Artifact Review Summary: Rabia: Simplifying State-Machine Replication Through Randomization

Artifact Details

Badges Awarded

Artifact Available	Artifact Functional	Results Reproduced

Description of the Artifact

Links: Artifact Location, Artifact Readme

The submitted artifact is a public repository hosted on GitHub, including the source code, written in Go, as well as installation and benchmarking scripts. For comparison purposes, it also includes an implementation of Paxos/EPaxos. Additionally, it provides the Redis-Rabia integration, and a machine-checked safety proof in Ivy+Coq.
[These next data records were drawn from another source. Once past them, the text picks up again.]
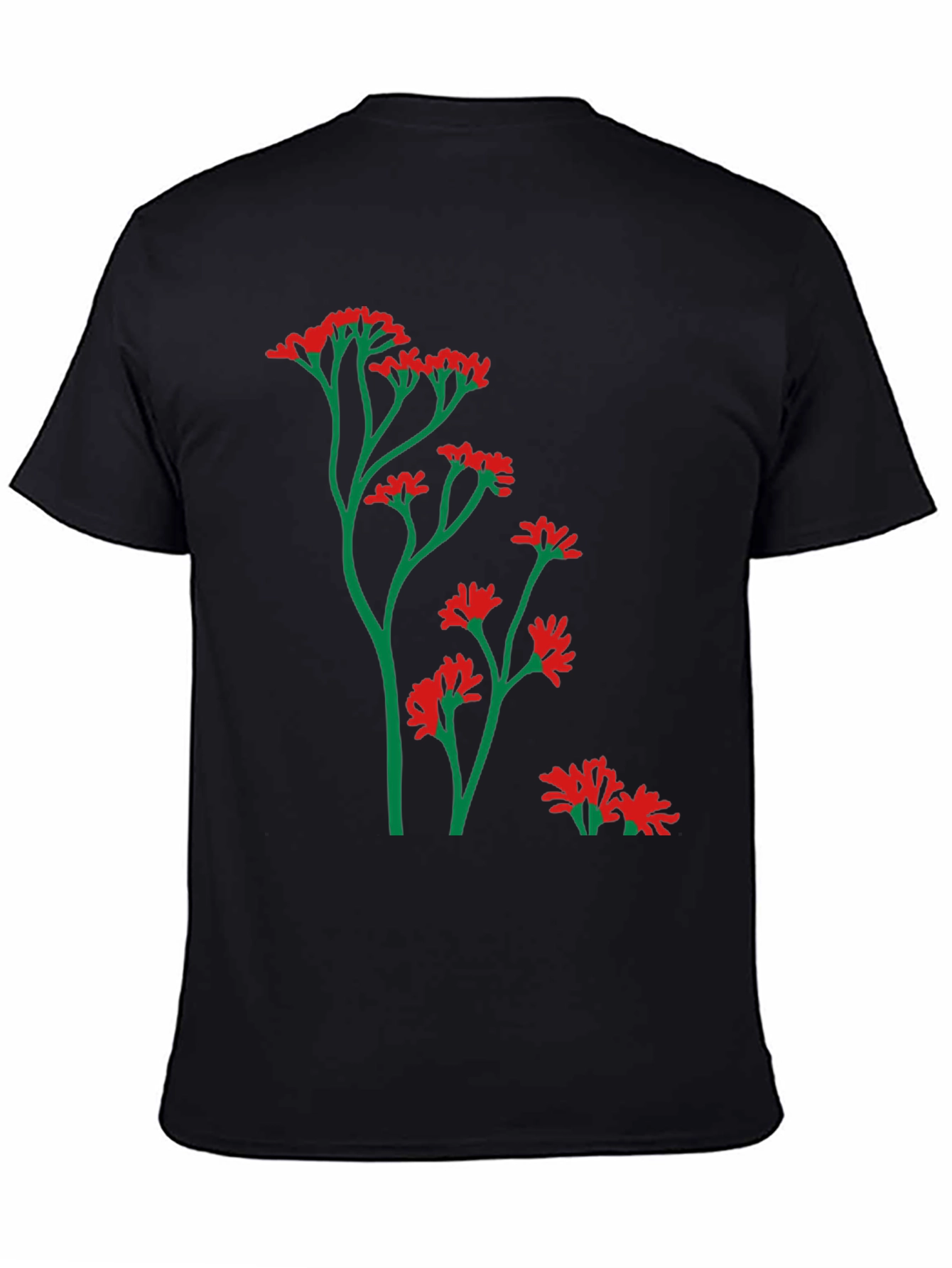 Mens Black T-Shirt with Floral Design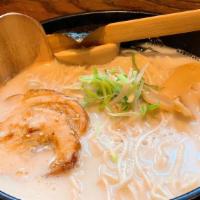 Tonkotsu · Contains fish. Pork broth w/ full flavor creamy texture cooked for hours on end. Topped w/ C...
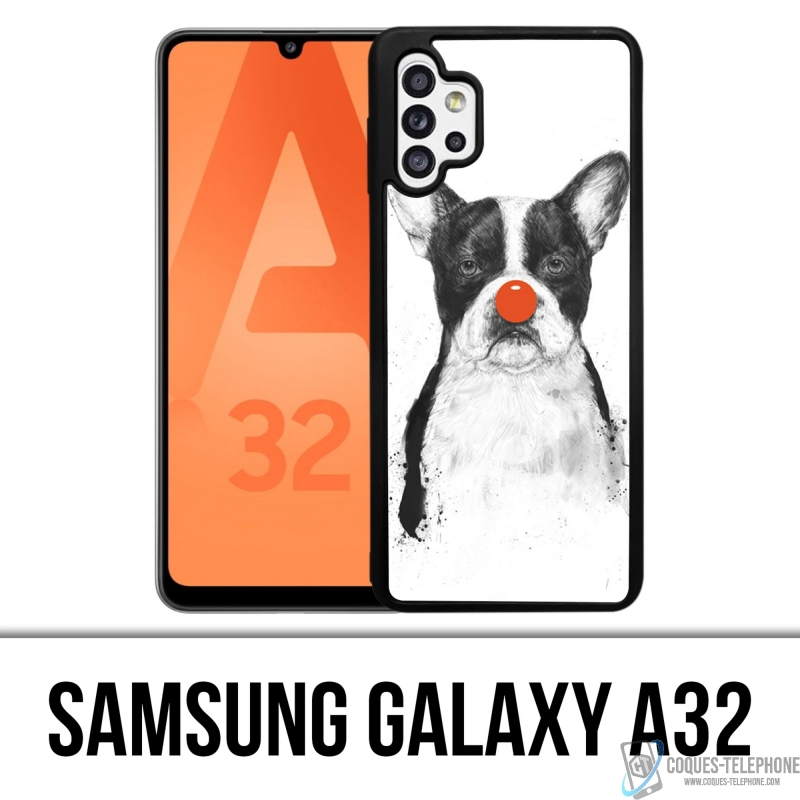 Coque Samsung Galaxy A32 - Chien Bouledogue Clown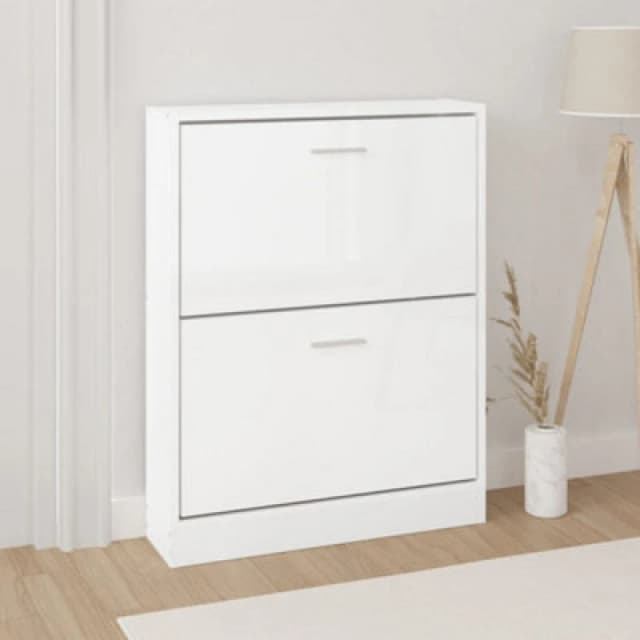 Vidaxl Shoe Cabinet High Gloss White 59X17X81cm Engineered Wood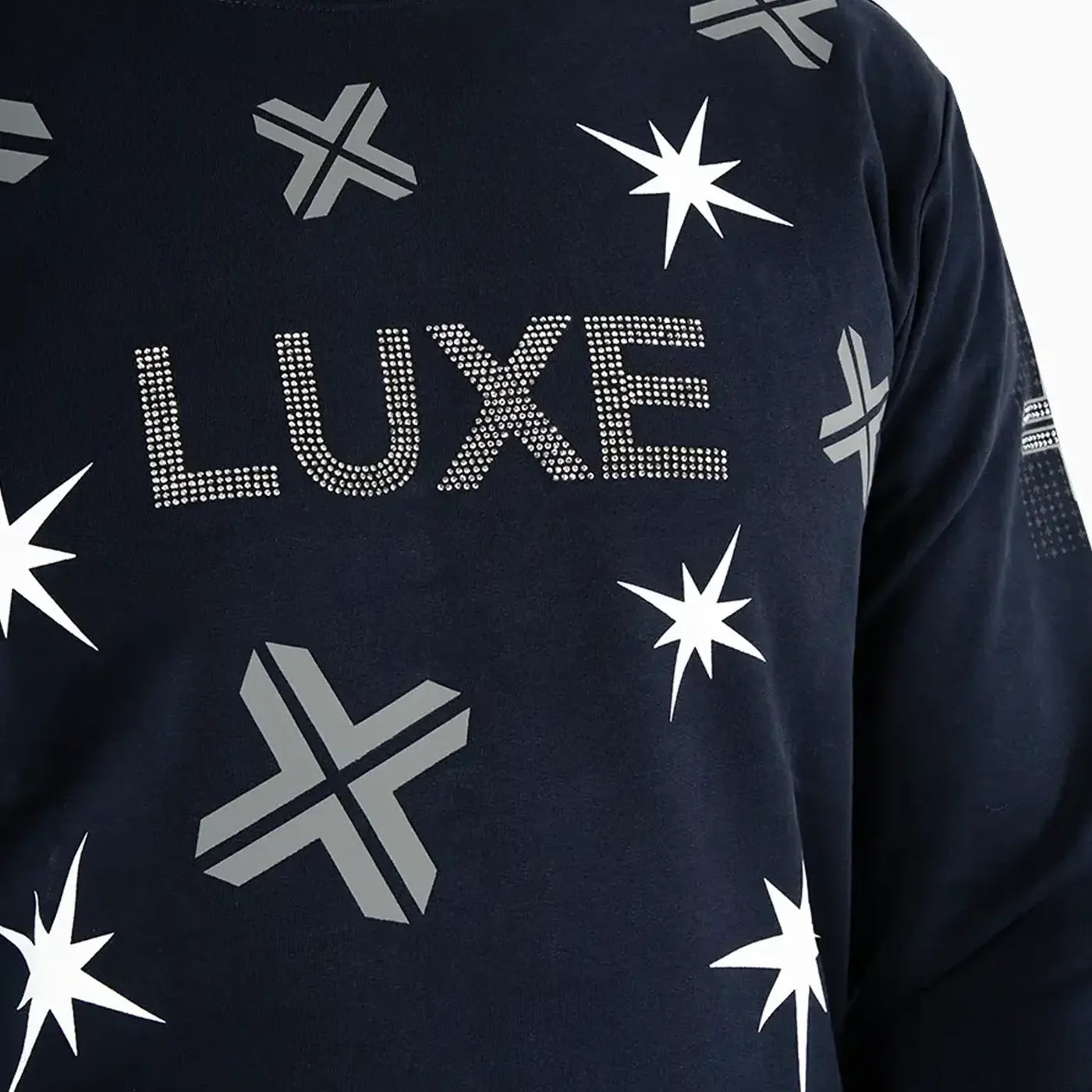 Luxe Crewneck Crystals Crewneck Sweater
Environment(s) Used for Testing

Three possible options:

CloudLab, 3 m510 as servers (8-core Intel Xeon D-1548, 64 GB RAM) and 3 c6515 as clients (32-core AMD 7452, 128GB RAM). CloudLab profile
CloudLab, 3 m510 as servers (8-core Intel Xeon D-1548, 64 GB RAM) and 3 c6525-100g as clients (24-core AMD 7402P, 128 GB RAM).
128-core AMD EPYC machine with Docker containers, 4 cores per container, with artificially added latency to mimic a realistic cluster.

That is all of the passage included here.